Hola mi familia y mis amigos!
Another week has passed here in Oberá! Unforunately, I don´t have a lot of time to write because today was i n s a n e!
Today we took un collectivo (a bus) to Posadas to have choir practice with a bunch of missionaries. Apparently on Dec. 22 we´ll be doing a Christmas program thing in Posadas. That´ll be fun 🙂 Choir practice was super fun, and I got to see some of my Gringo friends from the MTC, so that was great. However, the trip there and back ate up most of our P-day. Oh well 🙂
Okay, you´re all probably wondering about the title of this email. Here´s the story:
Hermana Barraza and I were on our way back to our Pension, just walking down the sidewalk. I was in a good mood, just walking along being a cute little Hermana, greeting everyone that I passed with a smile. It´s times like this when I feel the most like a missionary right now (because it doesn´t require knowing or understanding the language).
Anyways, I suddenly stop on something on the sidewalk. It felt soft and squishy, with maybe just a little crunch, but the sound it made sounded like a pretty strong crack. I look down for like half a second to see what it was I stepped on. I didn´t get a good look, but I saw gray, white, and red, and my mind immediately went to thinking it was some kind of snack bag or something. So I just keep walking, not really worried about it. Hermana Barraza however, is laughing.
A little confused, I finally ask “What did I step on?” Hermana Barraza, still laughing, replies “Creo que un pajaro” (I believe a bird) I knew the word pajaro, but with my mind still on food I was trying to figure out what kind of food “pajaro” was. Seeing that I wasn´t understanding her, Hermana Barraza starts flapping her arms up and down saying “un pajaro como este” (a bird like this).
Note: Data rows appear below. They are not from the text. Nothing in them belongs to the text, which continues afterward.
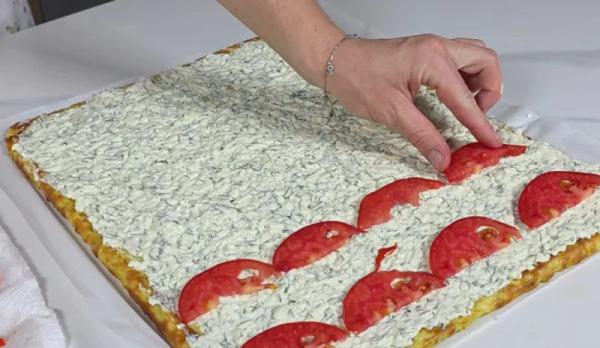 Рулет из кабачков с помидорами: сочная начинка с чесноком и укропом. Просто, быстро и невероятно вкусно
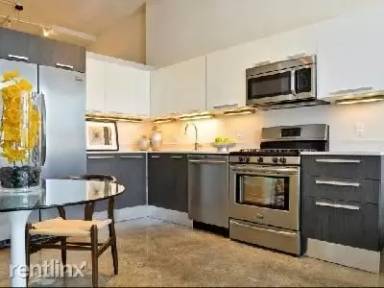 Main picture of 1313 W Randolph St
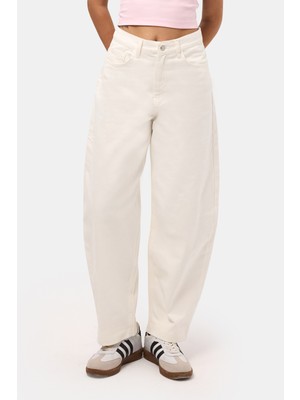It's Basic Kadın Kırık Beyaz 7s6-101 High Rise Tapered Leg Fit Denim Jean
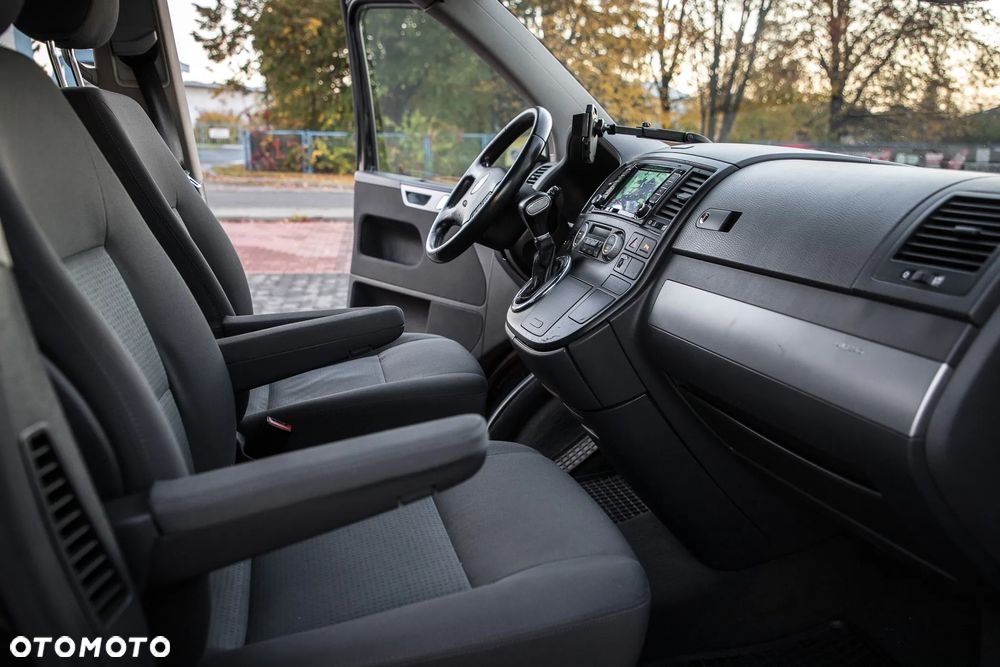Volkswagen Multivan - 17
Finally, I realized she wasn´t talking about food, she was talking about a bird. For about half a second I thought we weren´t talking about the same thing, and then it dawned on me: I stepped on a bird. I STEPPED ON A B IRD!!! I started freaking out, I probably tried wiping my show against the concrete for probably five minutes, just trying to get all the nastiness off my foot, all the while Hermana Barraza is just laughing at me!
So yeah, there´s my story for this week. I stepped on a bird. This is my life now. I´m a bird killer.
For my spiritual thought this week I´m going to share a bunch of scriptures that have been bring me comfort these past few weeks in Argentina. Maybe one of them can help you!
Alma 38:5 – As you put your faith in God, He will lift you through your trials
Ether 12:27 – Through Christ, our weaknesses can become strengths
2 Corinthians 12:7-10 – Christ´s strength is made perfect in weakness
I´m going to be super honest right now. It´s been super hard here these past few weeks in Argentina. I´m definitely improving in the language, but it´s incredibly frustrating sitting through so many hours a day not understanding much, and therefore not being able to say anything. This experience is really teaching me to rely on the Lord. Right now, I feel pretty useless as a missionary. I pray every night that even though I can´t understand what people are saying, I will be able to help somehow and that people might feel my desire to help them. I know that with time, I will learn this language, and as long as I do everything I can to have the Spirit with me, everything will work out. I may not speak Spanish very well, but the Holy Ghost can carry the messages that I´m trying to teach to the hearts of the people I teach.
If you´re going through a hard time, please remember to pray! I´ve had a lot of times these past few weeks where I have felt just absolutely miserable, but when I pray, I feel the burden lift a little bit so that I can keep going. This has worked for more than just sad feelings! Whenever I feel annoyed with my companion, or with some of the living conditions here, I just pray for the Lord to help me work through it and everything turns out all right in the end. I am so grateful for the comfort and guidance that I have received from the Spirit these past few weeks. I would be a wreak without it.